Denn der Geodetische Druck wird sehr hoch werden.
Ich bin der Meinung der LH sitzt an der falschen Stelle und wird das __ Hel-x zum überlaufen bringen.
Aber auch wenn der LH hinter den Matten sitzt hat er es verdammt schwer, eine Pumpe haette genau so zu kämpfen. 



Voriges Jahr hatte ich auch die blöde Idee mit den Japanmatten.

Fazit war : Die Matten waren wie eine Wand im Filter.
Sogar wenn ich eine Matte hoch stellte und die darauf folgende tief, damit dawn up Flow entstehen konnte.
Auch nicht mit doppelten Abstandshalter dazwischen.

Letztendlich war es wieder nur Lehrgeld.
Jetzt sind hübsche Bürsten eingezogen und alles funktioniert wunderbar.


----------



## Teich4You (7. März 2020)

samorai schrieb:


> Die Matten waren wie eine Wand im Filter.
> Sogar wenn ich eine Matte hoch stellte und die darauf folgende tief, damit dawn up Flow entstehen konnte.
> Auch nicht mit doppelten Abstandshalter dazwischen.
> 
> ...


Liest sich eher so als hättest du die Matten als Vorfilter missbraucht und nun gegen Bürsten getauscht. 

Ich habe meine Japanmatten knirsch nebeneinander nur durch Krallmatten getrennt. Natürlich einen extra Vorfilter damit die Matten sich nicht zusetzen. Und dann kann das Wasser auch fließen.


----------



## Haggard (7. März 2020)

samorai schrieb:


> Die Japanmatten nicht zu kaufen.
> Denn der Geodetische Druck wird sehr hoch werden.
> Ich bin der Meinung der LH sitzt an der falschen Stelle und wird das __ Hel-x zum überlaufen bringen.

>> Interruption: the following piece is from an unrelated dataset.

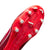 Nike Tiempo Legend 9 Club MG Multi-Ground Soccer Cleats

Nun, es wäre kein Problem , die Kammer kann locker noch 15cm aufgestaut werden. Ich habe da ja experimentiert mit meinen 3x DN160 Einläufen. Wenn ich z.B. 2 per Schieber schließe, staut sich da vielleicht 5cm mehr an.
Ich habe ja aktuell Matten hinter dem Hel-X, nur nicht wirklich produktiv und auch nur 2 Stück.


----------



## samorai (7. März 2020)

Teich4You schrieb:


> Liest sich eher so als hättest du die Matten als Vorfilter missbraucht und nun gegen Bürsten getauscht



Davor sitzt ein TF, __ Hel-x und Bürsten. 
Die Matten kamen als letztes.

He Haggard, ich will es dir natürlich nicht ausreden aber ich bin skeptisch. 
Genau wie bei dir sollte das Wasser einfach nur durch laufen, hat mir aber den Mittelfinger gezeigt. 
Hoffentlich kann der zusätzliche Stau Raum das besser bewirken.


----------



## Alfii147 (7. März 2020)

Servus,

schaue mal hier bei mir - Beitrag #122
https://www.hobby-gartenteich.de/xf/threads/alfiis-koiteich-bau-doku.49002/page-13

Jage hier ohne Probleme 35 Kubik durch ..


----------



## Haggard (8. März 2020)

Danke @Alfii147 , das hat mir sehr geholfen.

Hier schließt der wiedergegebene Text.